The Liberty Amendments

Author: Mark R. Levin

Whether or not you agree with the ideas put forth in “The Liberty Amendments” by Mark R. Levin, the idea of amending the U.S. Constitution is a thought worth debating.. To that end, he proposes 10 new amendments designed to improve our government and political system.

After reading the book, I spend a few moments googling the constitution and  the amendments thereto.  Beyond the original ten amendments contained in the Bill of Rights, the constitution has been amended 17 additional times, the last of which was in 1992.  While each amendment is unique and undoubtedly has its own story to tell, in each case I believe the process associated therewith would prove equally fascinating.

As a student of process, “The Liberty Amendments” caused me to wonder why we do not have a more frequent and vigorous public debate concerning whether or not the constitution needs to be amended.  To that end, I came away thinking that we should consider creating a standing body in which each state has representation, the sole function of which would be to annually consider and debate proposed constitutional amendments.  It might not produce the next reality TV hit program, but it might help stimulate solution sets.
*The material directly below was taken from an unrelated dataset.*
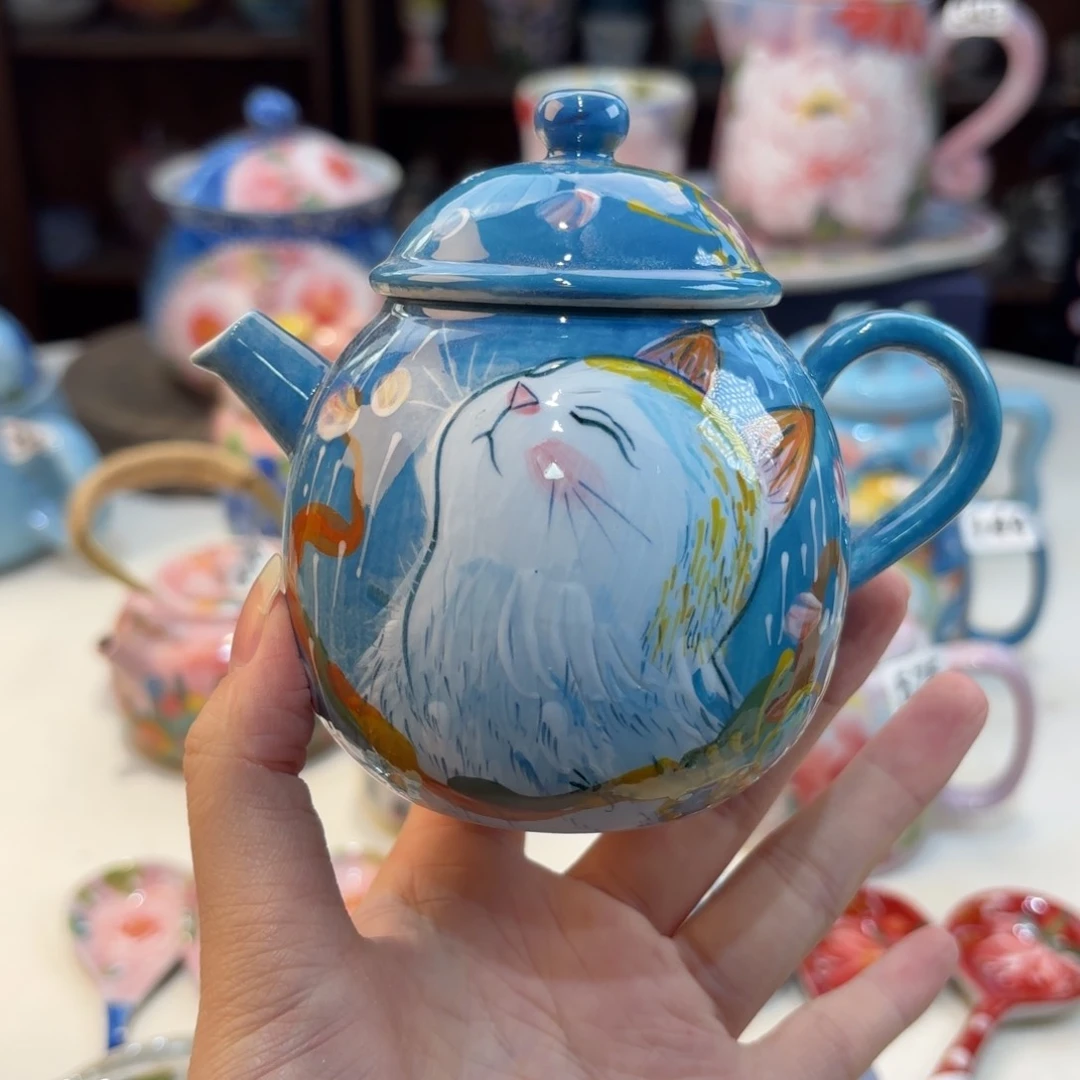 景德镇手绘高温釉下彩陶瓷茶具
Mr. Levin’s book would serve as a good starting point for that discussion.  Although he clearly brings a right leaning perspective to the topic, he provides an educational perspective that alone makes the book worth reading.

In Illinois, where I spent most of my adult life, the voters have rejected holding a constitutional convention to reconsider a document adopted in 1970.  If nothing else, the topic of pensions would be of critical importance.  What harm could come from at least engaging in the debate?

As stated above, whether or not you agree with the amendments that Mr. Levin is proposes, his book challenges the reader to consider using the constitutional amendment process to deal with many of the problems with today’s politics and government.